The UB FSEC on Dec. 16 passed a milder version of a likely SUNY Senate resolution, one that expressed "regret" with the trustees' action.

The new general-education curriculum as approved by the trustees requires candidates for bachelor's degrees to complete at least 30 credit hours of coursework in mathematics, natural science, social science, American history, western civilization, other world civilizations, humanities and the arts, foreign languages, basic communication and reasoning, and information management.

The requirement will apply to all freshmen entering SUNY institutions in Fall 2000. Trustees left the responsibility for establishing the specific course requirements and content of the curriculum to the faculty of each institution.

Judith Adams-Volpe, director of Lockwood Library and a SUNY senator, pointed out that the trustees' adoption of the curriculum violated their own policies, which place faculty in charge of curriculum issues.

William Baumer, professor of philosophy, added that although the SUNY Faculty Senate has been working on the general-education issue for more than three years, system administration and trustees "ignored" the body's report.

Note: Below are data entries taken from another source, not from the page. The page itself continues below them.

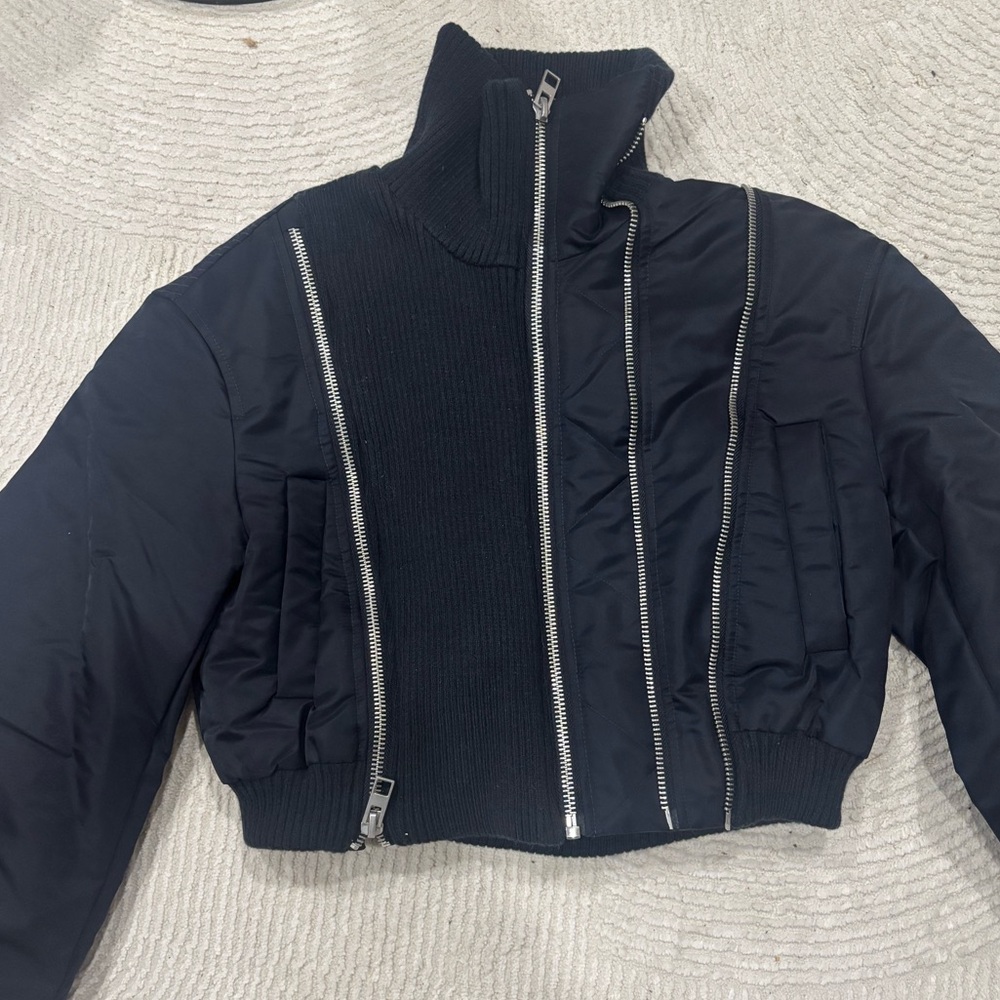 Zara Black Bomber Jacket with Silver Zippers - Picture 7 of 9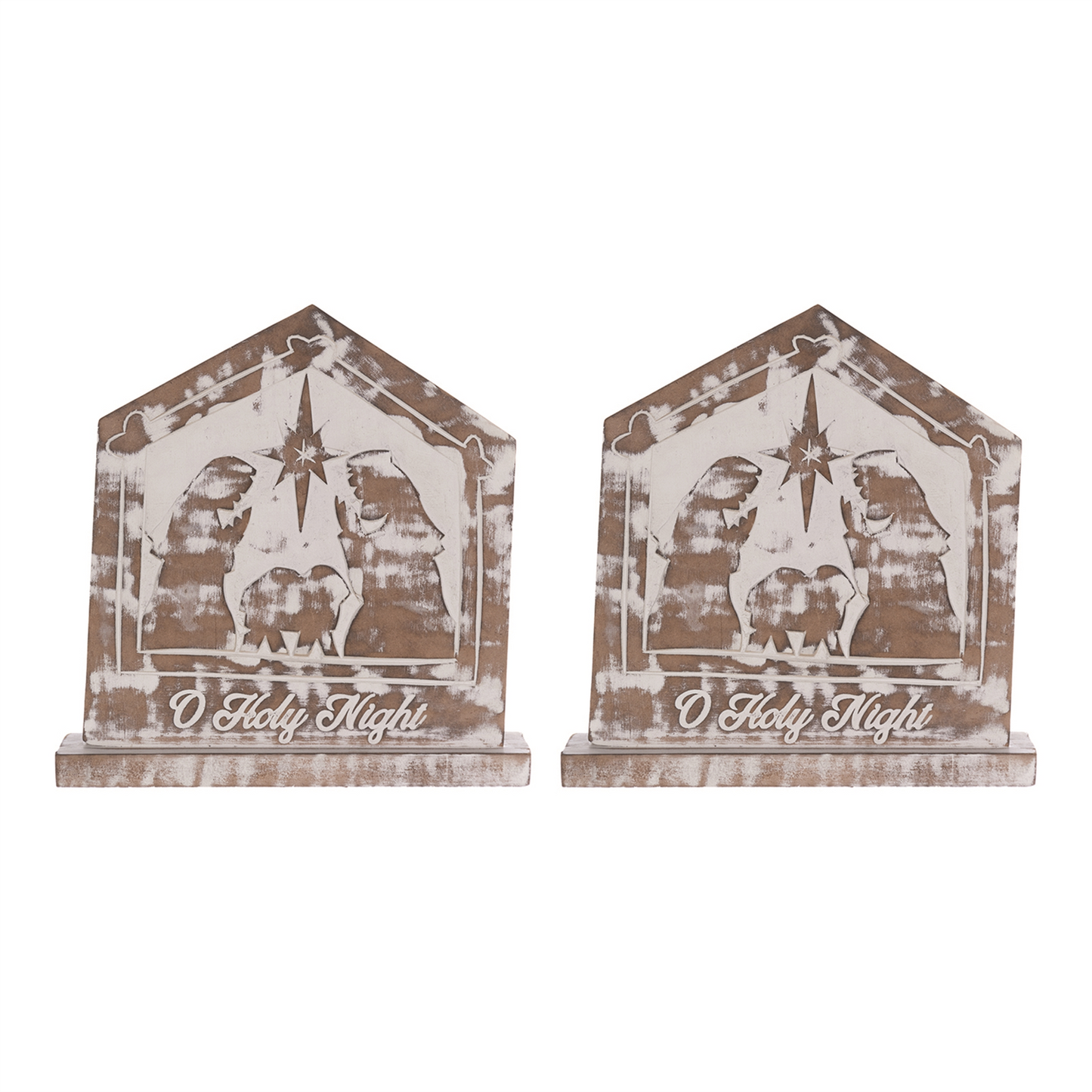 White Washed Nativity Sign (Set of 2) -Ship Only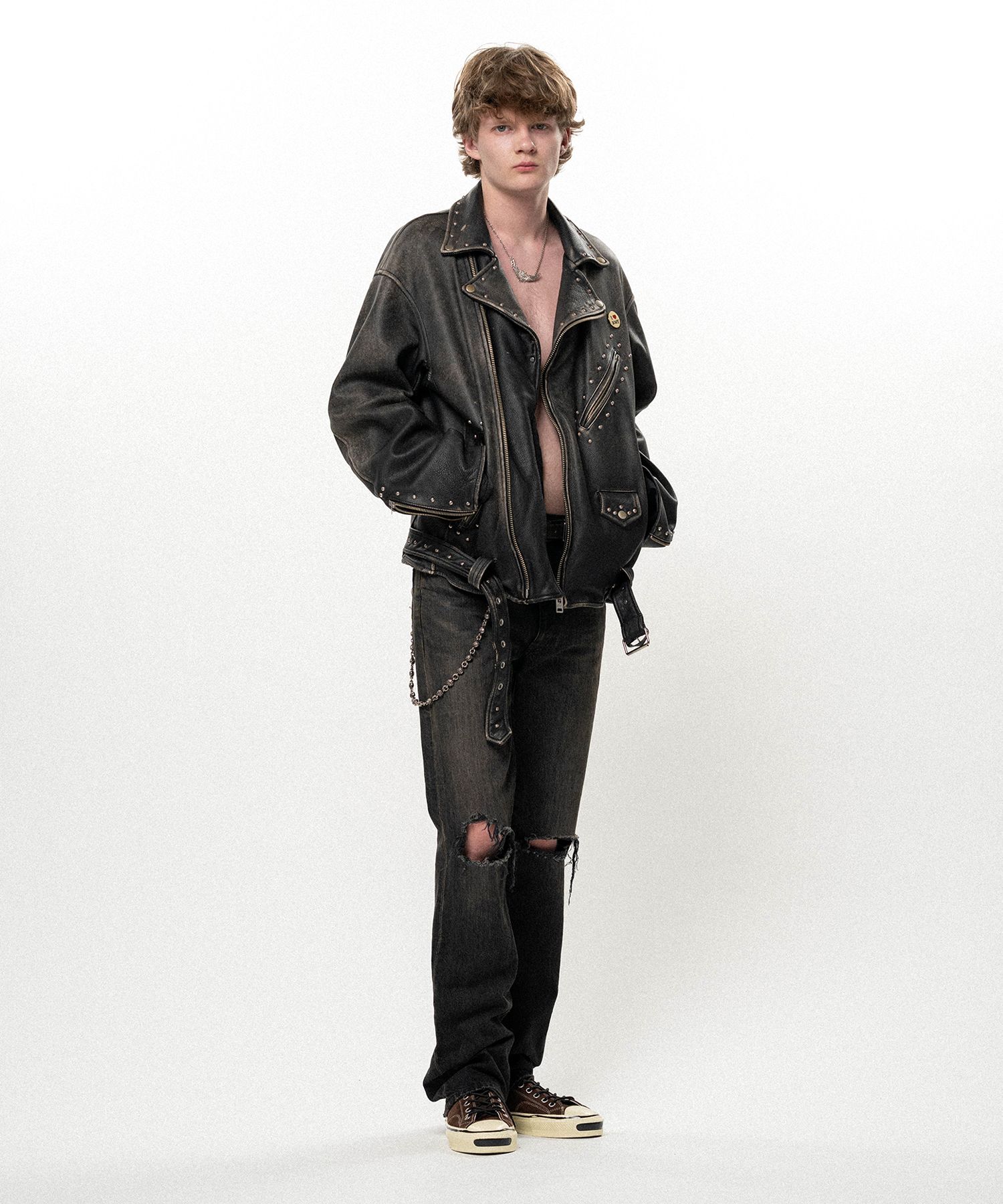 Distressed Leather Studded Biker Jacket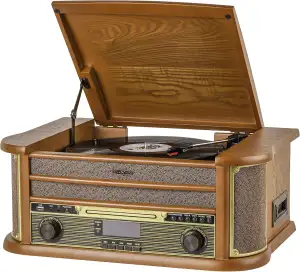 Reflexion HIF2002DAB Retro HiFi Anlage mit Plattenspieler, DAB+ Radio, CD/MP3 Player, Kassettendeck, Bluetooth 5.0, USB Encoding (Digitalisieren), AUX-IN & Line-Out, Echtholzgehäuse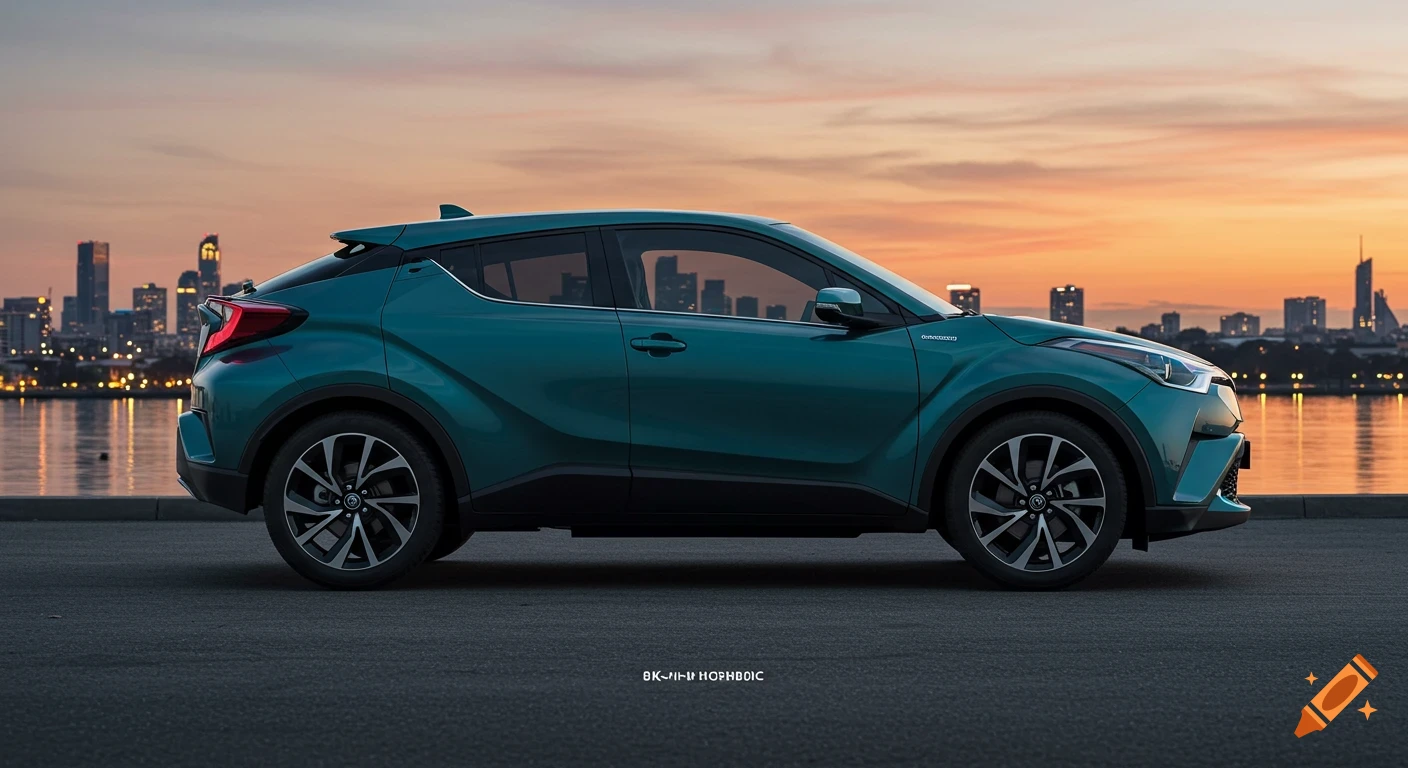 A teal Toyota C-HR Plug-in Hybrid car parked on a road with a city skyline and water reflections at sunset.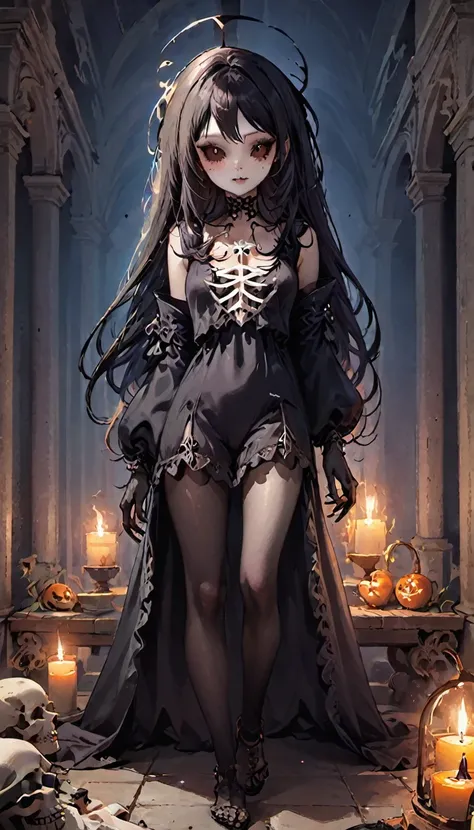 Chica sosteniendo un esqueleto y una calavera en sus manos.,  calavera retrato mujer, bruja mecanica, chica anime otome gothic, Google en pixiv artstation, gweiz pixiv art station, beautiful necromancer girl, arte de anime digital detallado, Kushart Krenz ...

Malone warned that a greater danger to campuses than the general-education curriculum was the plan by central administration to institute a system-wide student achievement test that will determine "if we taught (the curriculum) the way they want it taught." And the results of those tests could well come back to haunt the campuses via the performance-funding component of the new resource allocation methodology (RAM), he said. Although the senate lacked a quorum to provide an official instruction to SUNY senators, Malone said he felt it was the "sense of the house" that SUNY senators should endorse a resolution to censure the board of trustees.